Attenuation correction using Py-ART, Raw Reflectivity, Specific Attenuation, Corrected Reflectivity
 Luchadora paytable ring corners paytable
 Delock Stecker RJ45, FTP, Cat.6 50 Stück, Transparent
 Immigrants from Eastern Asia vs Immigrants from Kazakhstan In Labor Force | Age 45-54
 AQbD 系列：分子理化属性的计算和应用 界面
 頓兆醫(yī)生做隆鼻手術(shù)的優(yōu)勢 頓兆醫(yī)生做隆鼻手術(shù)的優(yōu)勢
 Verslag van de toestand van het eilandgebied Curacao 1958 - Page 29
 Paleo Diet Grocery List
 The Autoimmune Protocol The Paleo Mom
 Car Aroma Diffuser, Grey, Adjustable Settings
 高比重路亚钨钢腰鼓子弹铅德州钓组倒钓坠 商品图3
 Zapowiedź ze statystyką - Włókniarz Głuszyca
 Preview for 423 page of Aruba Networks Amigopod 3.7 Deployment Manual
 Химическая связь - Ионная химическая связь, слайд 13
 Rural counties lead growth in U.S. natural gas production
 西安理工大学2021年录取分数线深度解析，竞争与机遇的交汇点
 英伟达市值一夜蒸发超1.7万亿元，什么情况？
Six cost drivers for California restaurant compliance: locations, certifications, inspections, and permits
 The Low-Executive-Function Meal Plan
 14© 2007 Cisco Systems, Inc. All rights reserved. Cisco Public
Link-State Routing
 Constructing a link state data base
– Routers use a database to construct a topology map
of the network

> [Action item]:
Copy only the stretch running from the line containing "Zapowiedź ze statystyką - Włókniarz Głuszyca" to the final line of the entries, both ends included, exactly as it stands.

> [Exercise answer]:
 Zapowiedź ze statystyką - Włókniarz Głuszyca
 Preview for 423 page of Aruba Networks Amigopod 3.7 Deployment Manual
 Химическая связь - Ионная химическая связь, слайд 13
 Rural counties lead growth in U.S. natural gas production
 西安理工大学2021年录取分数线深度解析，竞争与机遇的交汇点
 英伟达市值一夜蒸发超1.7万亿元，什么情况？
Six cost drivers for California restaurant compliance: locations, certifications, inspections, and permits
 The Low-Executive-Function Meal Plan
 14© 2007 Cisco Systems, Inc. All rights reserved. Cisco Public
Link-State Routing
 Constructing a link state data base
– Routers use a database to construct a topology map
of the network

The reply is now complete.